Short descriptive text snippets

┌──

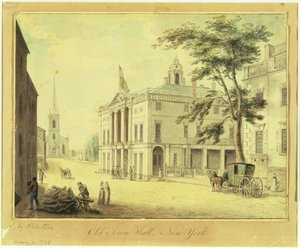 旧市庁舎（連邦庁舎）1798年ニューヨーク市（紙に黒鉛、トイレ、ペン、インク）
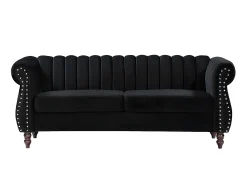Sofás Chesterfield de 3 lugares e de 2 lugares em veludo preto TRUMBO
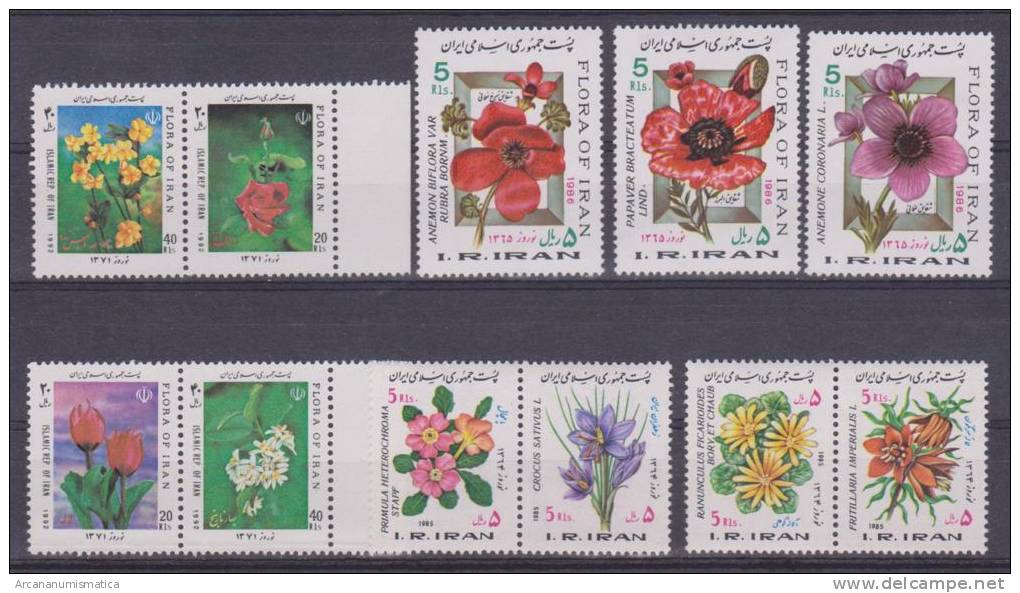 IRAN LOTE DE 11 SELLOS NUEVOS  FLOWERS   S-236 - Otros & Sin Clasificación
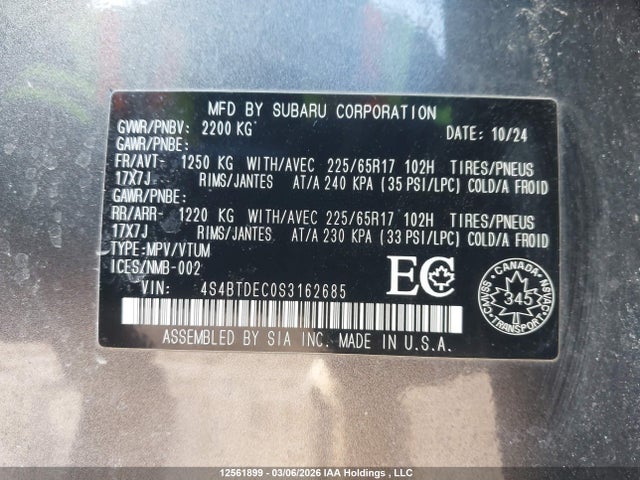 2025 Subaru Outback Touring მანქანა იყიდება აუქციონზე, vin: 4S4BTDEC0S3162685, აუქციონის ნომერი: 12561899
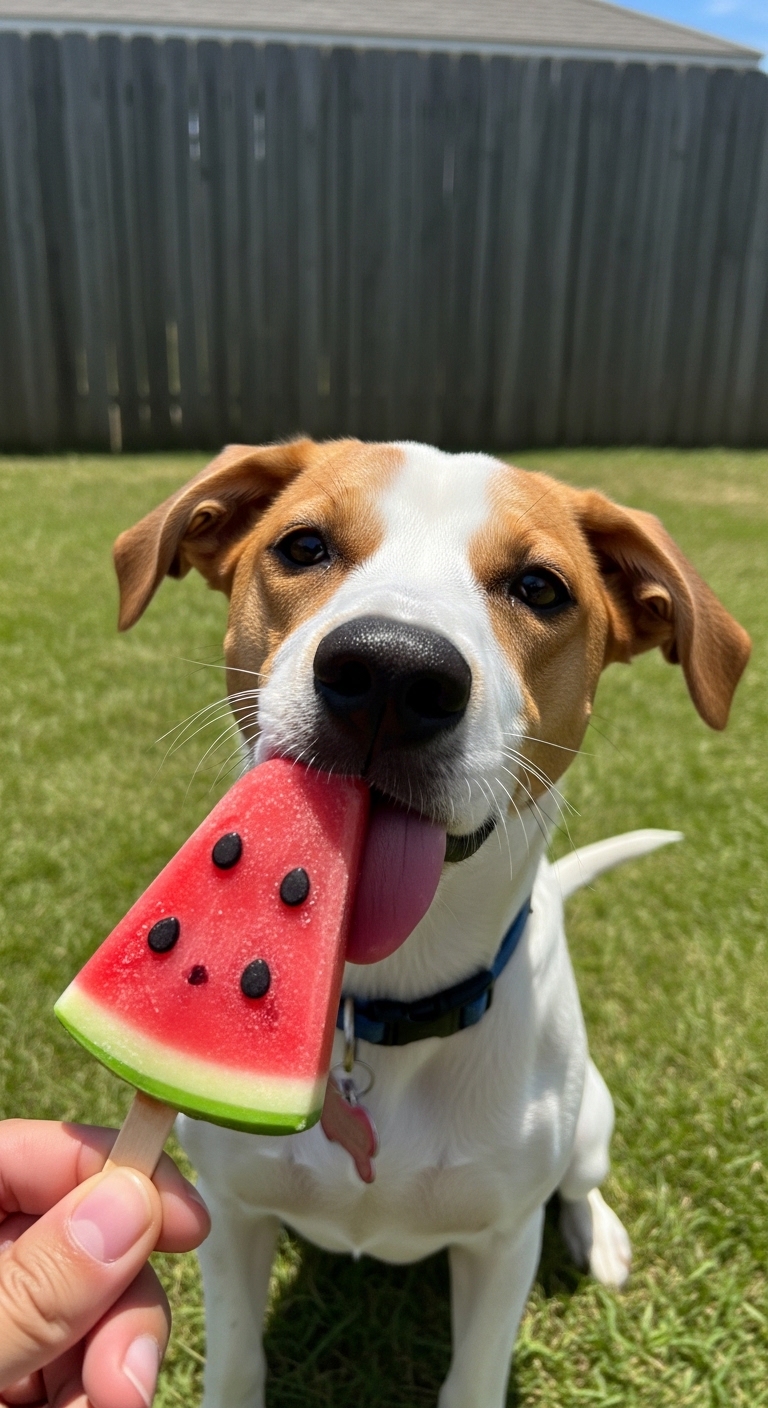 A dog with a blue collar holding a piece of watermelon.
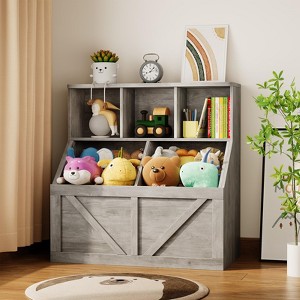 Kids Bookshelf & Toy Storage Organizer for Playroom, Bedroom, Nursery & Daycare - 1 of 4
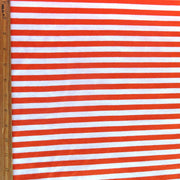 Orange and White  3/8" wide Stripe Cotton Lycra Knit Fabric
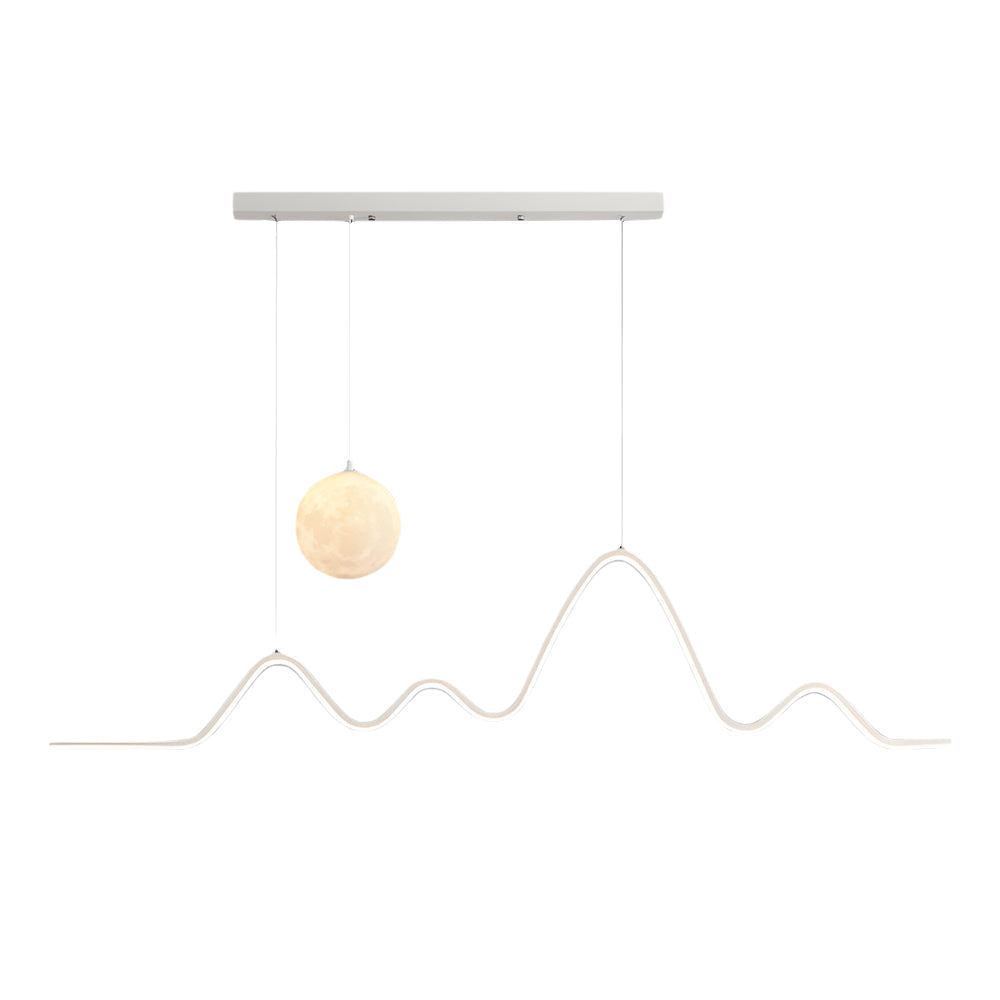 47 24 Modern Wavy Linear Moon Led Kitchen Island Pendant Light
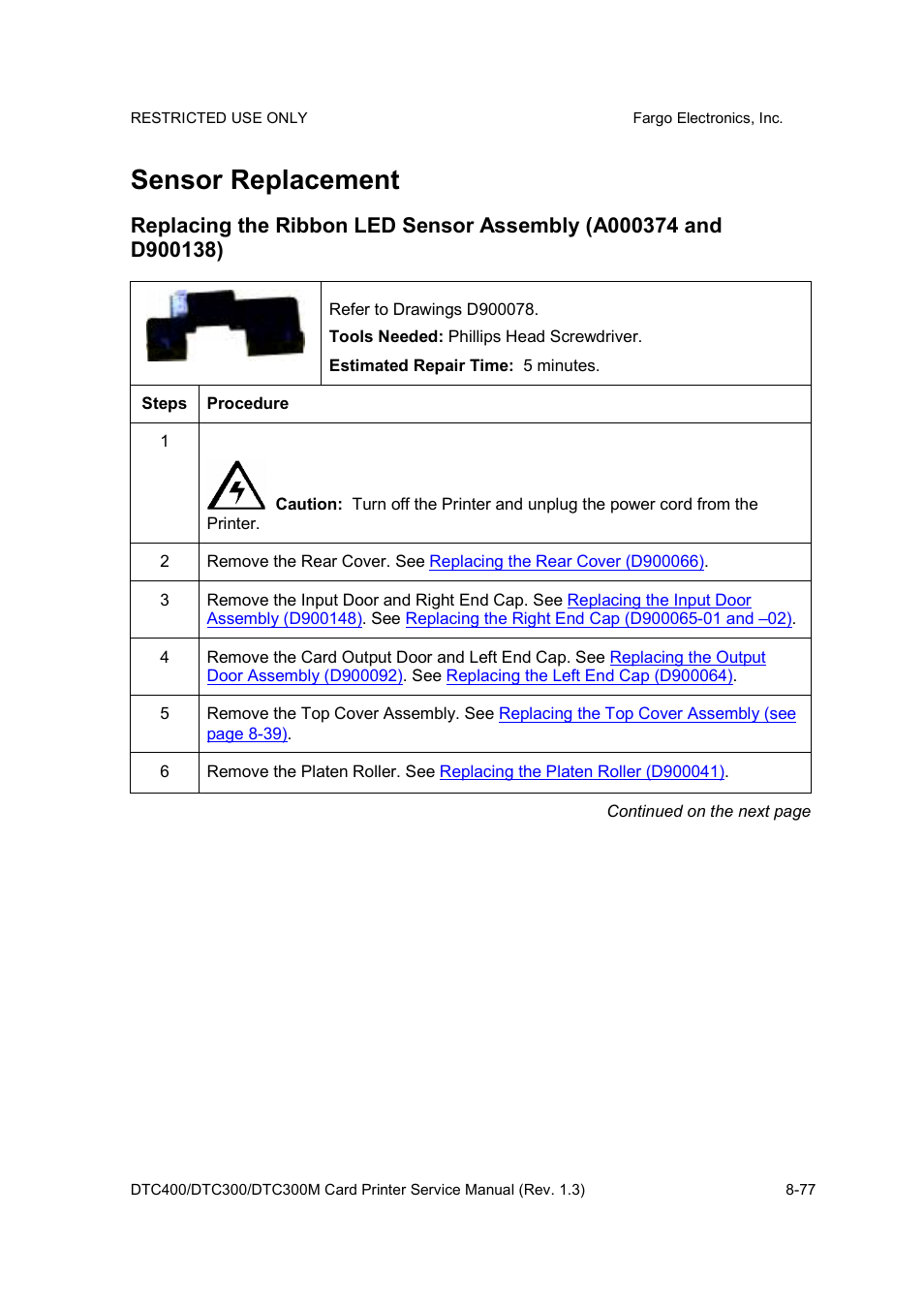 Sensor replacement | FARGO electronic DTC300 User Manual | Page 331 / 446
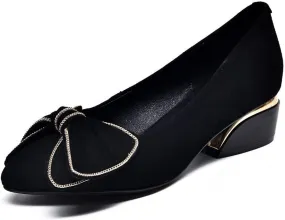 Women's Suede Bowknot Low Heeled Pumps Shoes,Fashion Pointed Toe Block Heeled Slip On Comfort Dressy Loafer Shoes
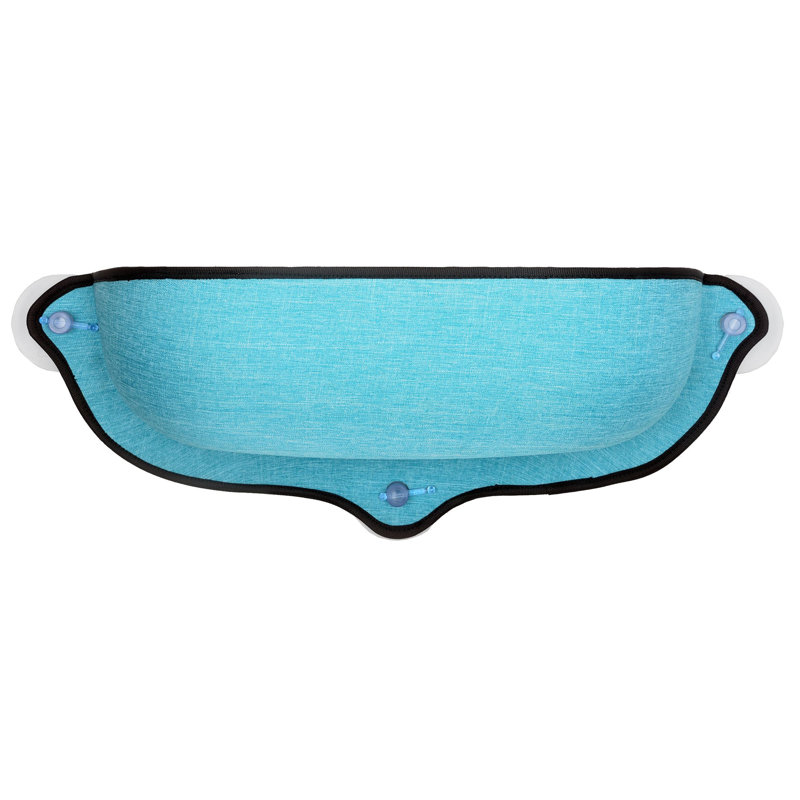 Chatière avec lit à ventouse et lit pour animaux de compagnie Pet Gravity-Lounge, Bleu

└──

Could the data above be repeated exactly, with every picture dropped?

■ RESPONSE AREA:
 旧市庁舎（連邦庁舎）1798年ニューヨーク市（紙に黒鉛、トイレ、ペン、インク）
Sofás Chesterfield de 3 lugares e de 2 lugares em veludo preto TRUMBO
 IRAN LOTE DE 11 SELLOS NUEVOS  FLOWERS   S-236 - Otros & Sin Clasificación
 2025 Subaru Outback Touring მანქანა იყიდება აუქციონზე, vin: 4S4BTDEC0S3162685, აუქციონის ნომერი: 12561899
 A dog with a blue collar holding a piece of watermelon.
 Kids Bookshelf & Toy Storage Organizer for Playroom, Bedroom, Nursery & Daycare - 1 of 4
 Orange and White  3/8" wide Stripe Cotton Lycra Knit Fabric
 47 24 Modern Wavy Linear Moon Led Kitchen Island Pendant Light
 Sensor replacement | FARGO electronic DTC300 User Manual | Page 331 / 446
 Women's Suede Bowknot Low Heeled Pumps Shoes,Fashion Pointed Toe Block Heeled Slip On Comfort Dressy Loafer Shoes
 Chatière avec lit à ventouse et lit pour animaux de compagnie Pet Gravity-Lounge, Bleu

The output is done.